Mike Nelson installation at Modern Art Oxford
Mike Nelson, Triple Bluff Canyon at Modern Art Oxford in 2004

Mike Nelson (b. 1967) returns to Modern Art Oxford this autumn with a new exhibition, his first at the gallery since 2004.

Developed in response to that earlier moment, the exhibition reflects on the 22 years that have passed and the distance – personal, political and cultural –between then and now. Created on site, it brings together new and reworked elements to form an environment that unfolds across the gallery.

As in much of Nelson’s work, ideas of travel, memory and displacement run throughout. The exhibition also turns inward, touching on questions around narcissism and self-portraiture, shaped in part by a return to both the artist’s own past work and the history of the institution itself.

References to countercultural movements and more recent political events appear in the background, from the idealism associated with Woodstock to the unrest surrounding the storming of the US Capitol. These are set alongside echoes of different wartime periods, including Vietnam, Iraq and the present, suggesting shifting ideas of protest, individualism and collective action over time.

Rather than setting out a clear narrative, the exhibition remains open-ended. Visitors are invited to move through it at their own pace, forming their own connections along the way.

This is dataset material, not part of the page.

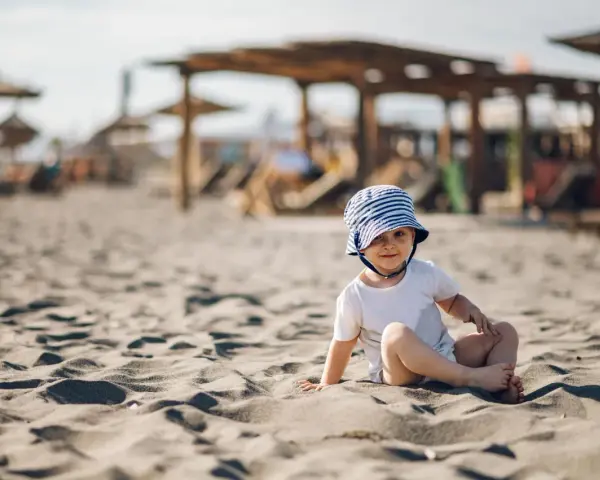 Uroczy maluch w pasiastym kapelusiku na plaży. Idealne miejsce, gdzie na wakacje z rocznym dzieckiem, by cieszyć się słońcem i piaskiem.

Mike Nelson, 3rd October 2026 – 11th April 2027 Modern Art Oxford

About the artist

Mike Nelson came to prominence in the late 1990s, creating psychological environments by sifting through the debris of modern life. His installations are expansive dominions for assemblages of cultural detritus, often referencing specific works of literature and countercultural or failed political movements. Working with figures and materials on the fringes of society, Nelson asks his viewers to spend time inhabiting worlds that, while foreign on the surface, reveal intrinsic truths and modes of thought that affect even the most basic cultural activities. His work has been widely shown and collected by, amongst others, Tate, Hayward Gallery and Moderna Museet, Stockholm. Nelson lives and works in London.